アラン・マッギーがクリエーションを投げ出したと聞いたときは、確実に何かが終わったと感じたものだ。もうサイトでも何度も書いたことだけど、大げさに言えば僕にとって洋楽体験とは即ちクリエーションだった。80年代の半ばから90年代のほとんどを、僕はクリエーション・レーベルとともに過ごした。そのレーベルが決して短くはない歴史に終止符を打った。いろんなものが少しずつ終わり、また新しい物語が始まって行く、しかしそれはもはや僕の物語ではない、僕はそう思った。
アラン・マッギーが新しいレーベルを始めたと聞いても僕の食指は動かなかった。クリエーションをやめてまで始めるレーベル、それはきっと得体の知れないノイズとかテクノとか、ともかく商業ベースには乗りそうもないまったくの趣味然とした隠居オヤジの道楽なのだろうと思ったのだ。ところがこのアルバムを聴いて僕は知った。アラン・マッギーはもう一度初めからクリエーションをやり直そうとしているのだ。あの愛すべきジャンキーにはこれしかできないのだ。そりゃそうだよ。

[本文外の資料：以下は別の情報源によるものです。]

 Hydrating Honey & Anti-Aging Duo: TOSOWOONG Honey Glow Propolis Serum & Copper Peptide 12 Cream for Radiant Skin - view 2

まるでクリエーション・レーベルのアンソロジーを聴いているようなこのアルバム、音楽的には「ただそれだけ」。だけど僕はこのアルバムが好きだし、アラン・マッギーもこのアルバムが好きなはずだ。そう、あのオヤジのやることはいつも自分の好きなものを掘り出し、知恵を絞ってそれを売り出すことだけ。だから僕はクリエーションがビッグ・ビジネスになってもその音楽を信頼し続けたのだし愛し続けたのだ。それを思い出した。Good-bye CREATION, hello POPTONES!!